行军到达驻地后,我们几个在北平有家的同志被通知到政治部向仲华主任那里开会。向主任在说明当前形势后,说纵队想在攻打北平之前,尽量动员一些文化技术人员出城,以保留人才。决定由今欣(男)带领陆放(男)、王力勤(男)、孙兰(女)、蓝兰(女)化装成老百姓混进城,利用原有的社会关系,尽量动员一些知识分子参军,最好是有技术的,如在医务、科技工程、文艺方面有特长的,在短时间内带出城外。记得我们当时还提出,离开北平好多年了,原来的社会关系现在的政治背景如何,短时间内无法搞清楚,立即带出来参军,万一有问题应怎么办?向主任立即表态说:“不要你们负责,带到部队来还可以继续了解么!到时北平全解放了,只要带出来,你们就完成任务。”当时参加会议的还有赵副参谋长,问了我们几个问题,如北平什么地方最高?从安定门进城的话,什么地方是柏油路?什么地方是土路?可不可以架炮?由于我们离开北平时都只熟悉上学的路,提供不了什么有用的信息。会议结束后,我们就着手借老百姓服装,商定今欣带两个男同志为一组,化装成商人。我和蓝兰两个女同志为一组,借口城里的亲戚病重,进城看望,两个小组分别进城门。进城后唯一的联络方式是王力勤家的电话,纵队首长又发给每人一些当时北平城内通用货币,以备不时之需。
有惊无险闯京城
今欣等三人化好装以后,看着挺像商人。今欣、陆放穿着长棉袍、戴个礼帽,王力勤穿着短棉袄、棉裤,像个小伙计,跟在后面。可我和蓝兰的打扮就有点不伦不类了。我还能借到一件女式斜襟棉袄,黑色裆棉裤,系着黑腿带、棉鞋。但蓝兰身材太高大,借不到合身妇女棉衣,只借到一件男棉袍。就这样我们五人分两组,没有任何证件,就朝城门走去。

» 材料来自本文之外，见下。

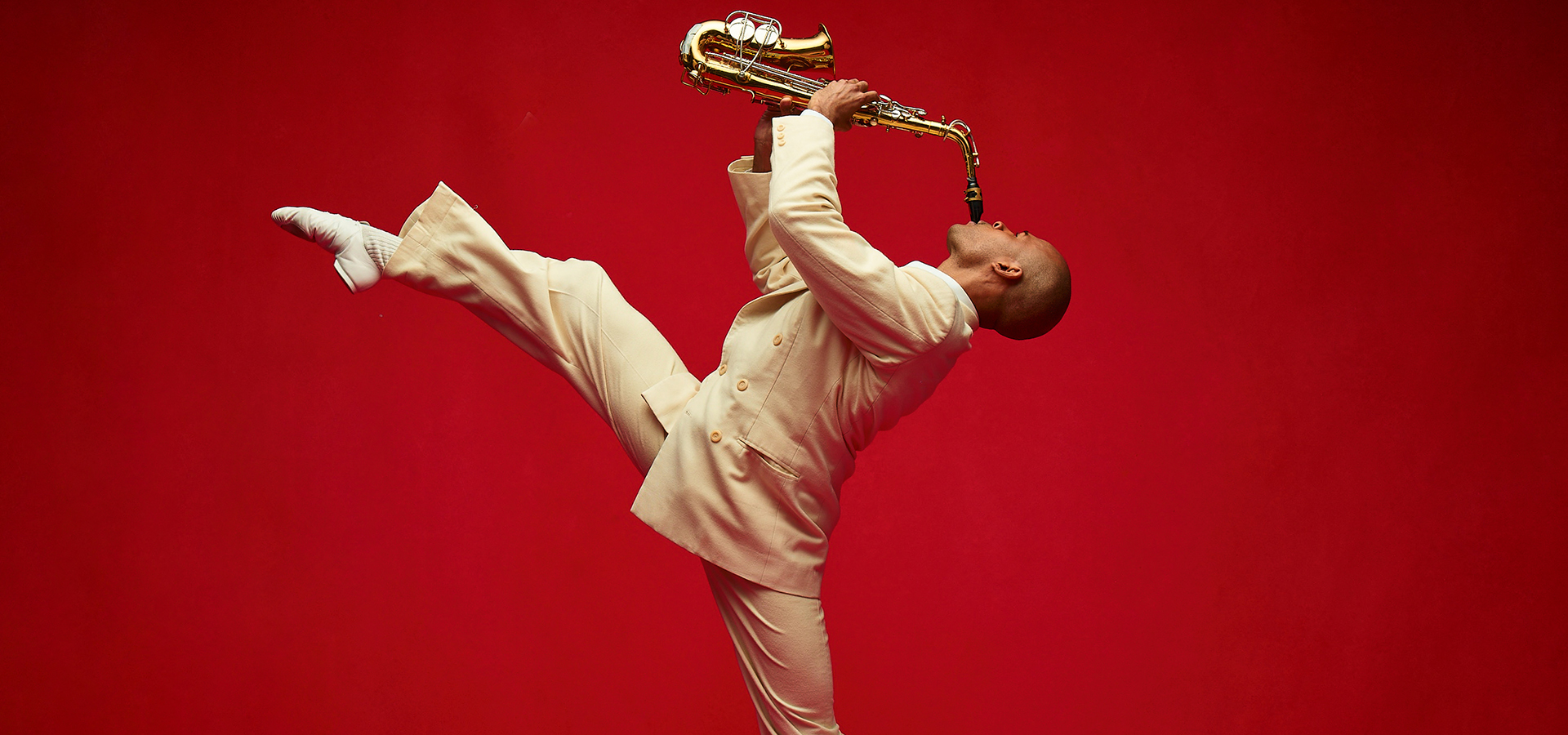 An Alvin Ailey American Dance performer in a cream costume, playing the saxophone with his leg lifted in an attitude.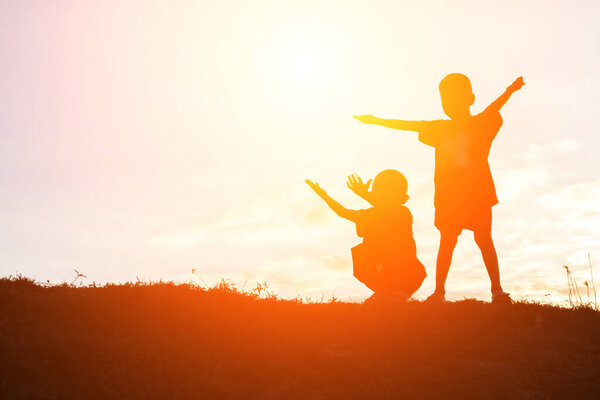 silhouette of a happy children and happy time sunset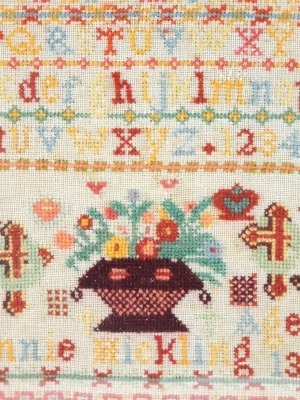 A pictorial alphabetic and numeric sampler Annie Hickling, aged thirteen, 26cm x 23cm.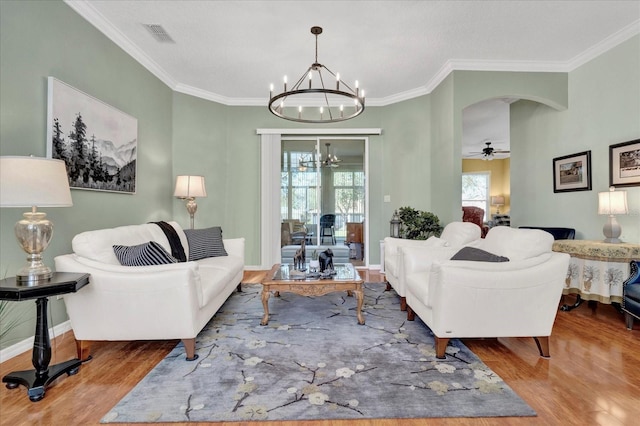 living area featuring visible vents, ornamental molding, wood finished floors, arched walkways, and baseboards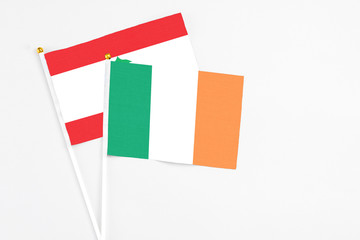Ireland and Lebanon stick flags on white background. High quality fabric, miniature national flag. Peaceful global concept.White floor for copy space.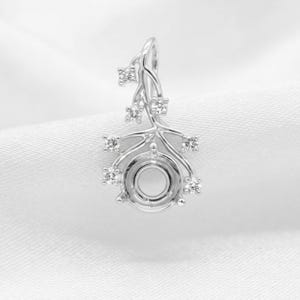 May include: A silver-toned pendant setting featuring a central circular mount for a gemstone, surrounded by delicate, branch-like metalwork adorned with six small, clear, round-cut stones arranged in a climbing, organic pattern.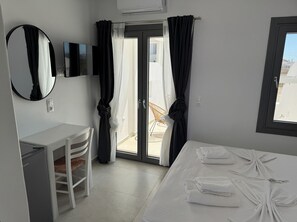 A hotel room with a bed, a desk, a chair, a TV, and a balcony with curtains. - Aitheria Suites Ios (Ios)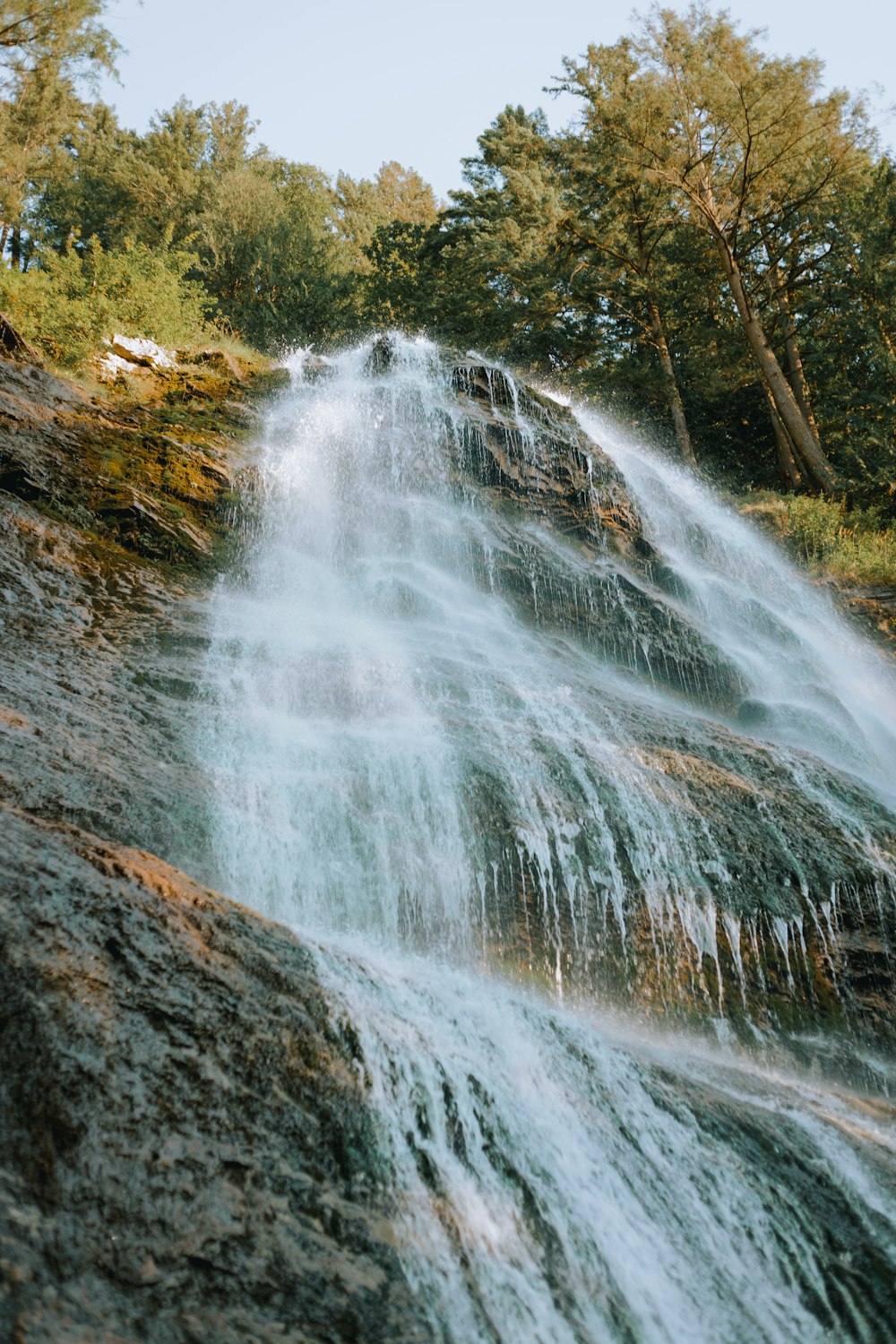 a very tall waterfall with lots of water coming out of it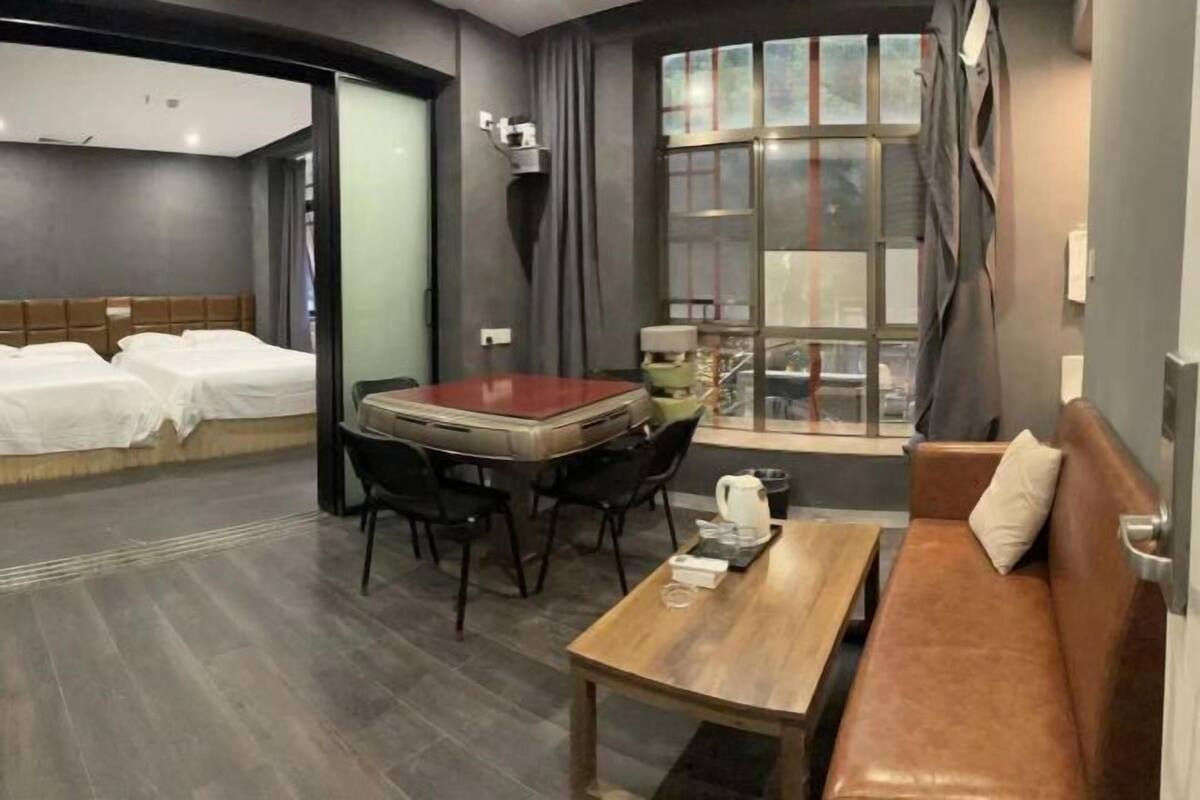 Habitación de hotel con dos camas, una mesa de comedor con sillas, un sofá y un ventanal con cortinas.
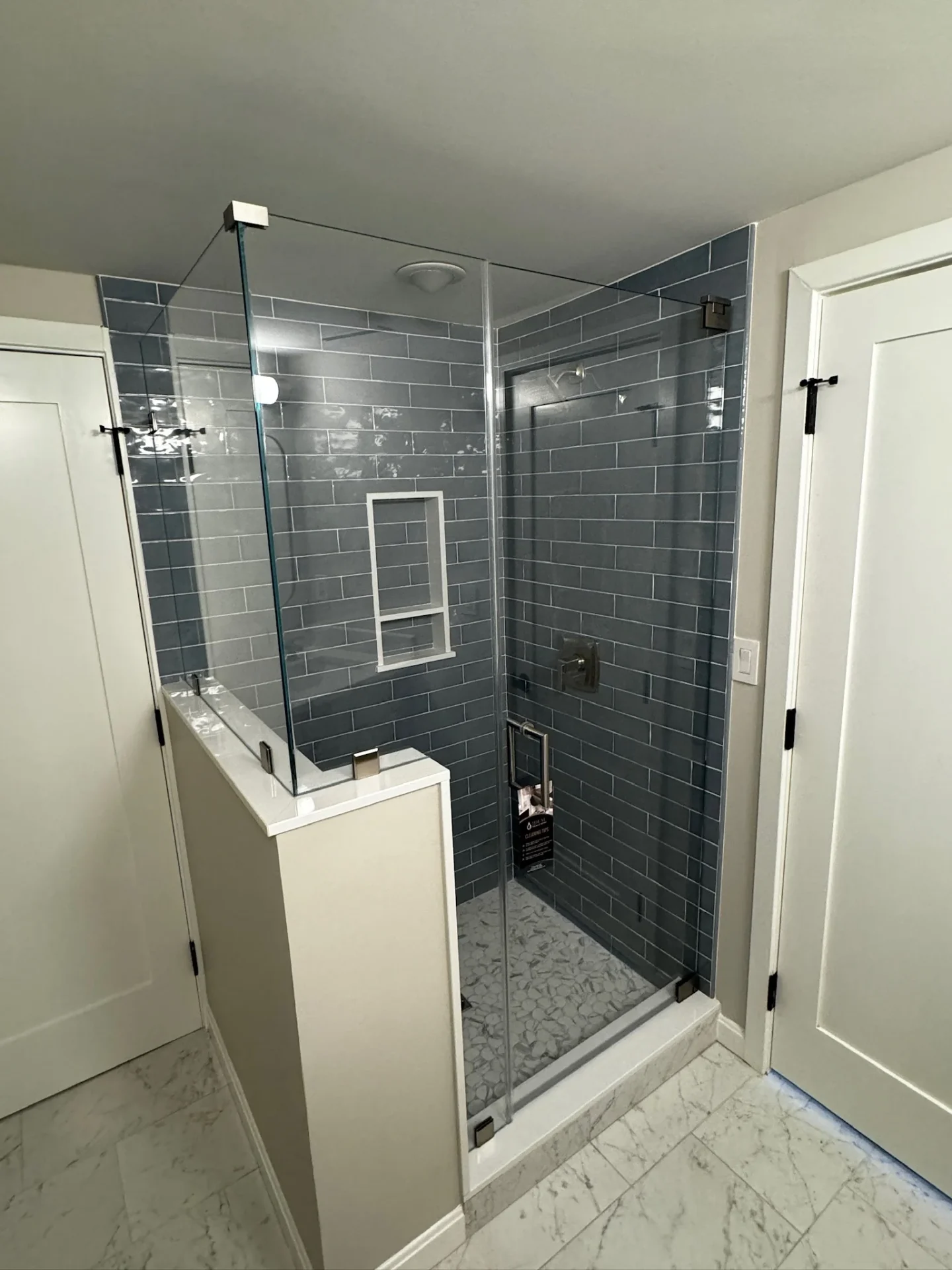 frameless pivot shower door matte black blue subway tile Beverly MA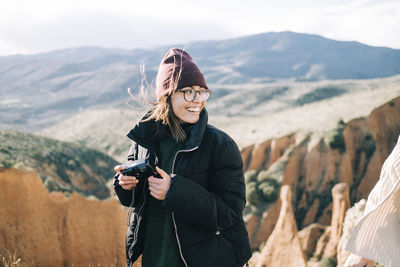 Young woman photographing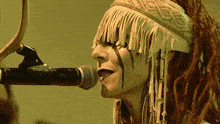 a woman with dreadlocks singing into a microphone with fringe on her head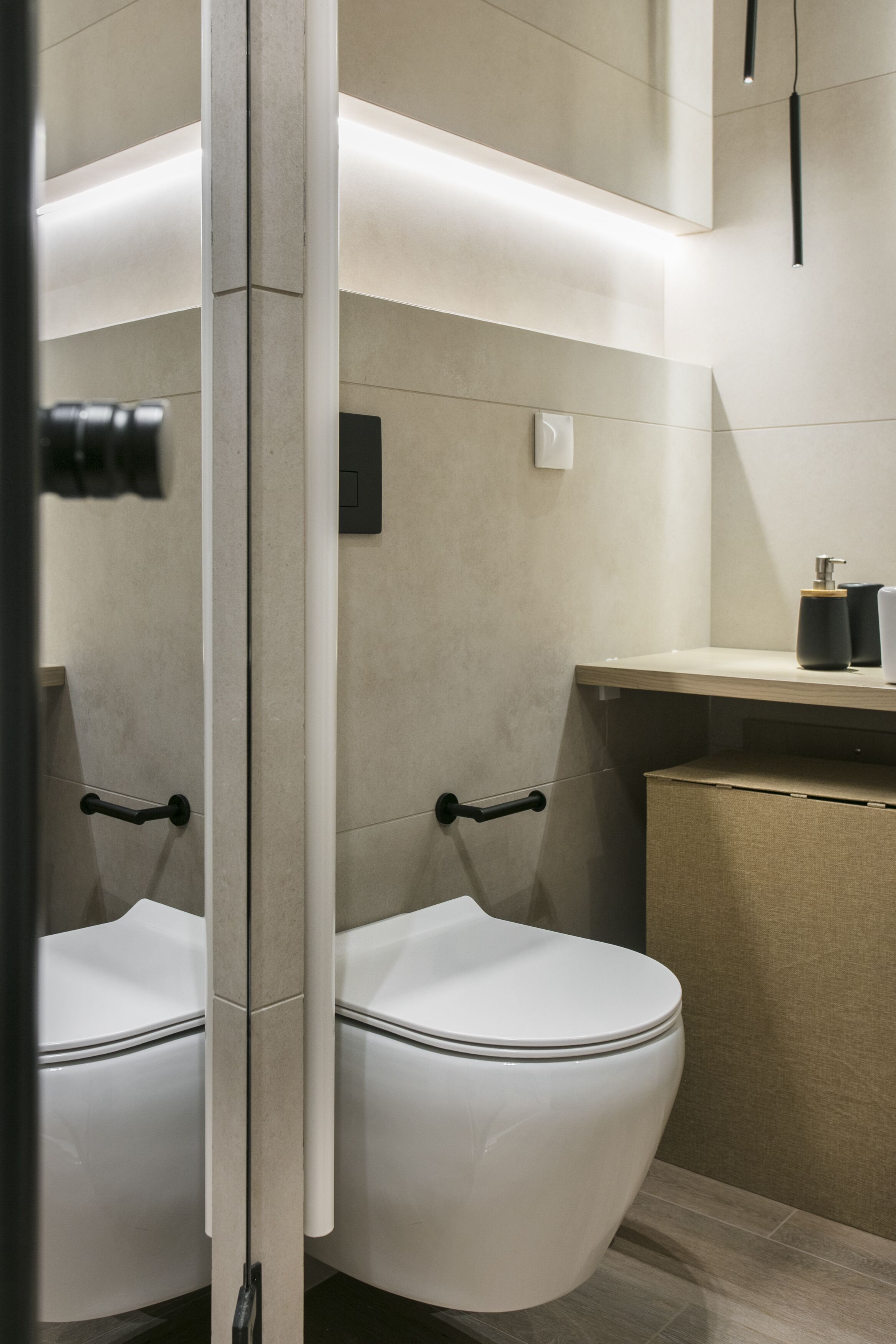 Un bagno moderno con due servizi igienici, un mobile bagno in legno e uno specchio.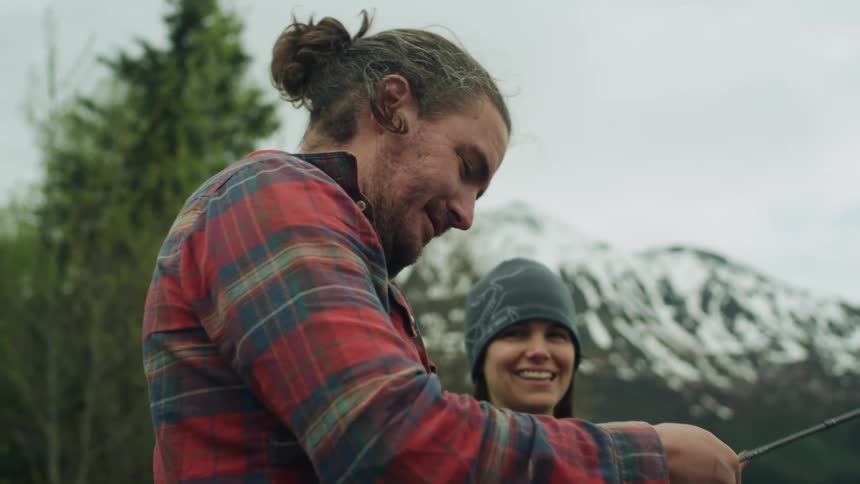 A man and woman laugh as they try to reel in a fishing rod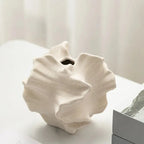 Organic ceramic vase with textured, sculptural design for modern home decor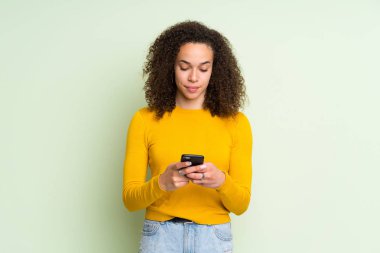 Mobil ileti gönderme izole yeşil arka plan Dominik kadın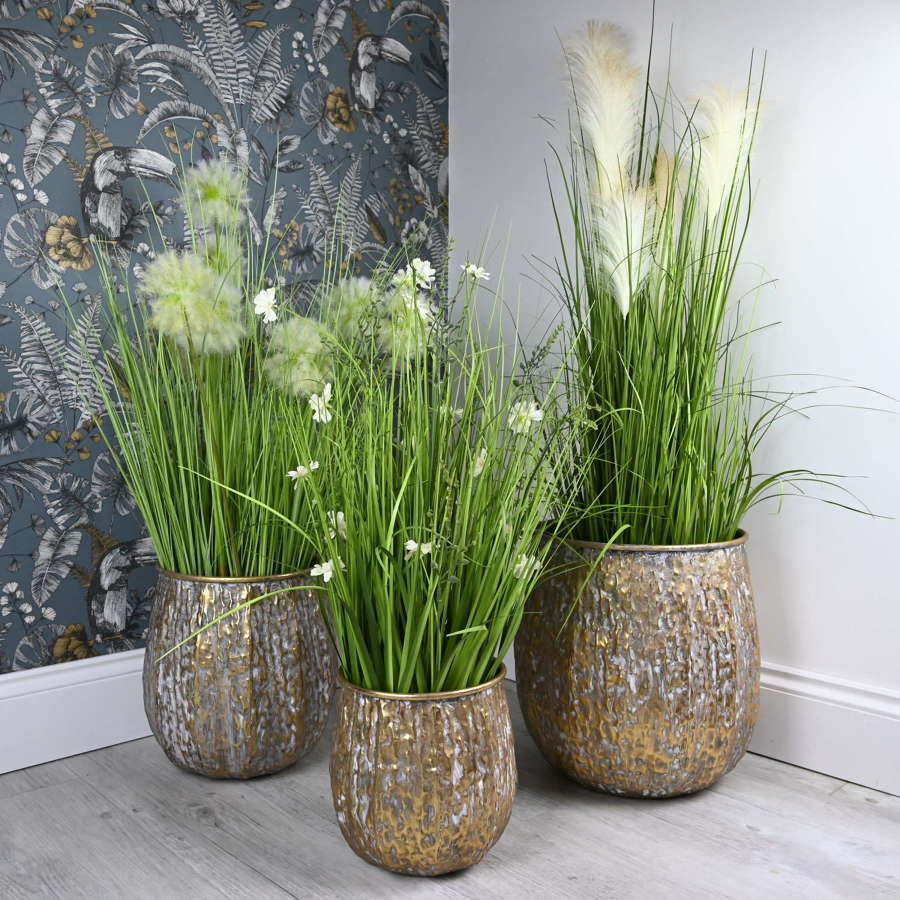 Gold Metal Planters in an antique finish.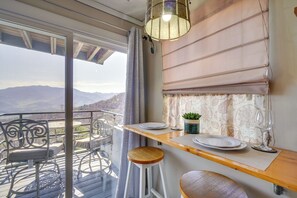 Varanda com mesa posta para refeições, uma cadeira e vista para as montanhas.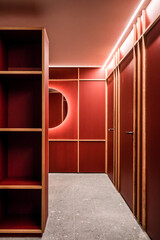 room with red wall and shelves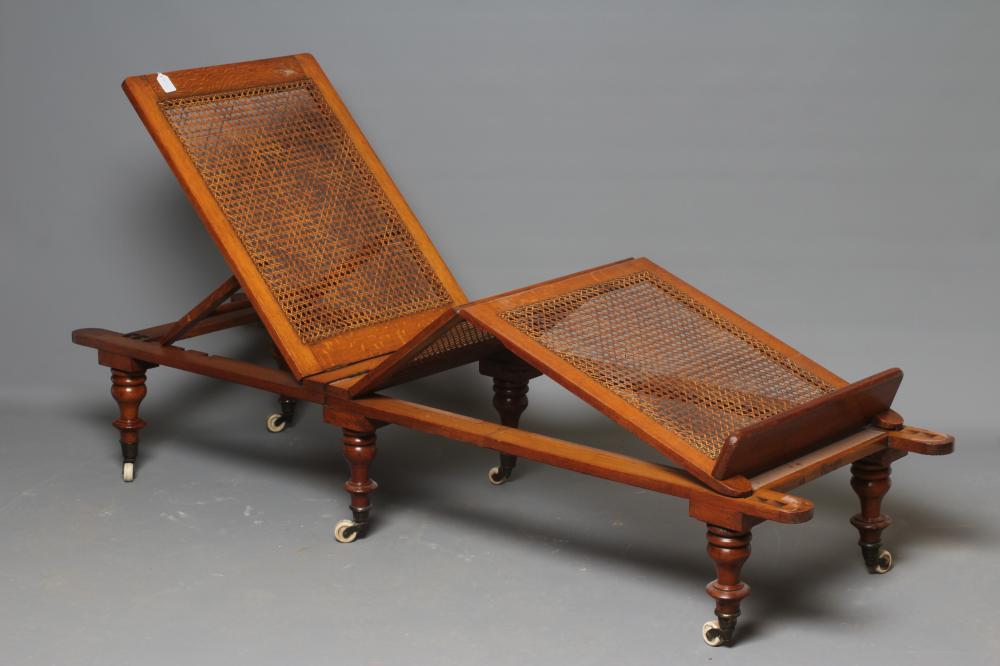 A VICTORIAN ROBINSONS OAK "ILKLEY COUCH" in the campaign style with adjustable caned panels Image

我和蓝兰走到德胜门,看守城门的是傅作义的部队(也是我们华北野战二纵队的死对头)。哨兵向我们要证件,我就说姑妈病重,捎信让我们快来,我们走的太急,忘了带。虽然我们穿着便衣,但一头齐耳的短发和长期戴军帽在额头留下的黑白相间的晒痕,有经验的人一看就知是个军人,再加上我俩迈大步走路的姿势也绝不像农村妇女,但当时我军已把北平团团围住,大势已定。傅作义的士兵也都耳闻上边在谈判,不想惹事,就说了句:“下次记着带,进去吧!”我们拔腿就走,前腿刚迈进城门,后面就甩过来一句话:“他妈的,女八路,装什么装。”我们假装没听见,顺着德胜门进了城。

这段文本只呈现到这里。